### Task inputs

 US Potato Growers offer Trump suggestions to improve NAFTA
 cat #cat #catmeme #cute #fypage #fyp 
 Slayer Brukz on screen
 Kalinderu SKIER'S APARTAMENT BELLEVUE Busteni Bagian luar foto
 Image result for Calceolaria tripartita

### Your assignment
Retype all of the data exactly, so that nothing differs from what is given.

### Response area
 US Potato Growers offer Trump suggestions to improve NAFTA
 cat #cat #catmeme #cute #fypage #fyp 
 Slayer Brukz on screen
 Kalinderu SKIER'S APARTAMENT BELLEVUE Busteni Bagian luar foto
 Image result for Calceolaria tripartita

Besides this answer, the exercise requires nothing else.